I was a daily and weekly newspaper journalist for 15 years. I loved the work but had to choose another job because I wanted my family to live above the poverty line. The problem with journalism is that you have to work for publishers. I worked for four of them and only one was half-way concerned about the welfare of the creative people who produced the product that made them money. Publishers could have adjusted and prospered with the coming of the Web but they ran their most creative and smartest people off years ago. They squeezed and neglected them (expense side) while coddling their sales people (revenue side). Alas, they were too busy counting their money in the days of 30 percent margins to see the approaching tsunami. Sadly, many journalists have been swept away along with their shortsighted employers. As a testament to their arrogant stupidity -- and a measure of how little they regarded their most valuable asset -- publishers gave away the creative content for free, thinking that advertisers would keep paying for the privilege of being in an online version of their newspapers and magazines.

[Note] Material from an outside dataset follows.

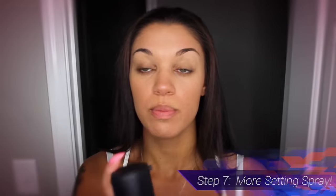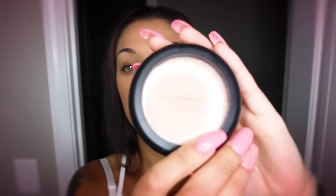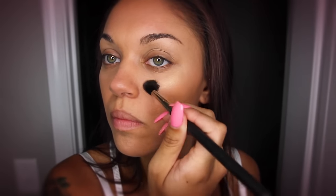Now I'm putting on some more setting spray. After that, I'm using this MAC highlighter — most of the makeup I use on an everyday basis is from MAC, because they showed me how to do it. I use this little brush to apply the highlighter. I put it right on top of my cheekbone over the contour spot, and then I also put a little bit on my nose.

Lovely, painful, true. Modern day Greek tragedy.

You have the makings of a great screenplay. Maybe the stage and screen can become a next great seduction! But then, there's transformation hitting there, too.

This was a great read. I'd love to hear it performed at a J-School-themed slam in San Francisco's sunny South Park.


The bottom line - writing can always be used - like a starving actor who becomes a producer, or a singer who becomes a manager of a better singer - journalism is still a thrill going in - and opens doors to PR, to tech writing and other jobs.